Segment Open

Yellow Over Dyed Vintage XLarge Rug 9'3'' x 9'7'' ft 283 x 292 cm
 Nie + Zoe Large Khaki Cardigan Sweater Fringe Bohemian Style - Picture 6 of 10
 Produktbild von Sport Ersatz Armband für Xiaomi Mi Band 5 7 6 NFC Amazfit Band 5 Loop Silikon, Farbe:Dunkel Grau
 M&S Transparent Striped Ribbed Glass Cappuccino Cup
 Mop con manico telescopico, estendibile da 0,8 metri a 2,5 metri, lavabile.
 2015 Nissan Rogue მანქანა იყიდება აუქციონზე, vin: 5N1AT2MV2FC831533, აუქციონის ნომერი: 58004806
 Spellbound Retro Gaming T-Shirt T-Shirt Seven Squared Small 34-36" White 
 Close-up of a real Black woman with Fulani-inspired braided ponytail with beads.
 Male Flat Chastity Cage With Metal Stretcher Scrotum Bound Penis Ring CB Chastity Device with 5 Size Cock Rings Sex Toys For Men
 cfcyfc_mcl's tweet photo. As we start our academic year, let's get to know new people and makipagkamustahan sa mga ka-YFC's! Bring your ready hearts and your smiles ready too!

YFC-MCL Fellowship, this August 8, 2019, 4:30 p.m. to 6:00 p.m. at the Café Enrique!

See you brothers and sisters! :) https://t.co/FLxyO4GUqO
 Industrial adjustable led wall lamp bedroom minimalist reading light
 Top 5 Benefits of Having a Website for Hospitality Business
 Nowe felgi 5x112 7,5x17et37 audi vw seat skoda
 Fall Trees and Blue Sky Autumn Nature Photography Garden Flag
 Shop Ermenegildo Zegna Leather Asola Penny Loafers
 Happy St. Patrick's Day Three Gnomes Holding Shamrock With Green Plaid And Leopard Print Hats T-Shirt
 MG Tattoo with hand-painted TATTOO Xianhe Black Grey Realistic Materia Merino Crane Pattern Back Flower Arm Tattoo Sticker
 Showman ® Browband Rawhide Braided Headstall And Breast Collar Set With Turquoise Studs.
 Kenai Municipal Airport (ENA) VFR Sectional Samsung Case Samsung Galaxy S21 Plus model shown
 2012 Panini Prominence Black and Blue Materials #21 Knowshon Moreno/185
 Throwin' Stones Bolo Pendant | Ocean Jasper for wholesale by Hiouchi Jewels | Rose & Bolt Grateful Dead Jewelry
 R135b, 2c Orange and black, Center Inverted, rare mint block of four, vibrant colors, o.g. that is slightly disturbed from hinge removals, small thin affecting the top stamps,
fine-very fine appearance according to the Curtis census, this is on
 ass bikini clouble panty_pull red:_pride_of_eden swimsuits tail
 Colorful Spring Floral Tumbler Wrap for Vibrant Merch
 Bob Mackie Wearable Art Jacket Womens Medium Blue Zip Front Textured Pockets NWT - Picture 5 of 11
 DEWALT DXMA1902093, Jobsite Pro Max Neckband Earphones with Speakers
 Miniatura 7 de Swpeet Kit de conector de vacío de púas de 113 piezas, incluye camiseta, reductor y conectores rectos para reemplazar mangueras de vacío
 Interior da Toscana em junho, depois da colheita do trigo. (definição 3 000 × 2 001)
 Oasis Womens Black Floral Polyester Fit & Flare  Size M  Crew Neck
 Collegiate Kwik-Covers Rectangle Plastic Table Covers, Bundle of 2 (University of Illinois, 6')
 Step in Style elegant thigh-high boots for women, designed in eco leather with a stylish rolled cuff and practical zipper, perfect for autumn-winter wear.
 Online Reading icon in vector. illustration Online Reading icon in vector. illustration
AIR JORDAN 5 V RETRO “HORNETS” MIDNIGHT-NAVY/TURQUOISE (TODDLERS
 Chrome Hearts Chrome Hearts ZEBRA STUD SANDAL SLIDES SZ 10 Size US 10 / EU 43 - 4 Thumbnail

Segment Closed

▶ WHAT YOU ARE ASKED TO DO
Reproduce all the data exactly. Include every line.

▶ OUTPUT FOR THIS TASK
Yellow Over Dyed Vintage XLarge Rug 9'3'' x 9'7'' ft 283 x 292 cm
 Nie + Zoe Large Khaki Cardigan Sweater Fringe Bohemian Style - Picture 6 of 10
 Produktbild von Sport Ersatz Armband für Xiaomi Mi Band 5 7 6 NFC Amazfit Band 5 Loop Silikon, Farbe:Dunkel Grau
 M&S Transparent Striped Ribbed Glass Cappuccino Cup
 Mop con manico telescopico, estendibile da 0,8 metri a 2,5 metri, lavabile.
 2015 Nissan Rogue მანქანა იყიდება აუქციონზე, vin: 5N1AT2MV2FC831533, აუქციონის ნომერი: 58004806
 Spellbound Retro Gaming T-Shirt T-Shirt Seven Squared Small 34-36" White 
 Close-up of a real Black woman with Fulani-inspired braided ponytail with beads.
 Male Flat Chastity Cage With Metal Stretcher Scrotum Bound Penis Ring CB Chastity Device with 5 Size Cock Rings Sex Toys For Men
 cfcyfc_mcl's tweet photo. As we start our academic year, let's get to know new people and makipagkamustahan sa mga ka-YFC's! Bring your ready hearts and your smiles ready too!

YFC-MCL Fellowship, this August 8, 2019, 4:30 p.m. to 6:00 p.m. at the Café Enrique!

See you brothers and sisters! :) https://t.co/FLxyO4GUqO
 Industrial adjustable led wall lamp bedroom minimalist reading light
 Top 5 Benefits of Having a Website for Hospitality Business
 Nowe felgi 5x112 7,5x17et37 audi vw seat skoda
 Fall Trees and Blue Sky Autumn Nature Photography Garden Flag
 Shop Ermenegildo Zegna Leather Asola Penny Loafers
 Happy St. Patrick's Day Three Gnomes Holding Shamrock With Green Plaid And Leopard Print Hats T-Shirt
 MG Tattoo with hand-painted TATTOO Xianhe Black Grey Realistic Materia Merino Crane Pattern Back Flower Arm Tattoo Sticker
 Showman ® Browband Rawhide Braided Headstall And Breast Collar Set With Turquoise Studs.
 Kenai Municipal Airport (ENA) VFR Sectional Samsung Case Samsung Galaxy S21 Plus model shown
 2012 Panini Prominence Black and Blue Materials #21 Knowshon Moreno/185
 Throwin' Stones Bolo Pendant | Ocean Jasper for wholesale by Hiouchi Jewels | Rose & Bolt Grateful Dead Jewelry
 R135b, 2c Orange and black, Center Inverted, rare mint block of four, vibrant colors, o.g. that is slightly disturbed from hinge removals, small thin affecting the top stamps,
fine-very fine appearance according to the Curtis census, this is on
 ass bikini clouble panty_pull red:_pride_of_eden swimsuits tail
 Colorful Spring Floral Tumbler Wrap for Vibrant Merch
 Bob Mackie Wearable Art Jacket Womens Medium Blue Zip Front Textured Pockets NWT - Picture 5 of 11
 DEWALT DXMA1902093, Jobsite Pro Max Neckband Earphones with Speakers
 Miniatura 7 de Swpeet Kit de conector de vacío de púas de 113 piezas, incluye camiseta, reductor y conectores rectos para reemplazar mangueras de vacío
 Interior da Toscana em junho, depois da colheita do trigo. (definição 3 000 × 2 001)
 Oasis Womens Black Floral Polyester Fit & Flare  Size M  Crew Neck
 Collegiate Kwik-Covers Rectangle Plastic Table Covers, Bundle of 2 (University of Illinois, 6')
 Step in Style elegant thigh-high boots for women, designed in eco leather with a stylish rolled cuff and practical zipper, perfect for autumn-winter wear.
 Online Reading icon in vector. illustration Online Reading icon in vector. illustration
AIR JORDAN 5 V RETRO “HORNETS” MIDNIGHT-NAVY/TURQUOISE (TODDLERS
 Chrome Hearts Chrome Hearts ZEBRA STUD SANDAL SLIDES SZ 10 Size US 10 / EU 43 - 4 Thumbnail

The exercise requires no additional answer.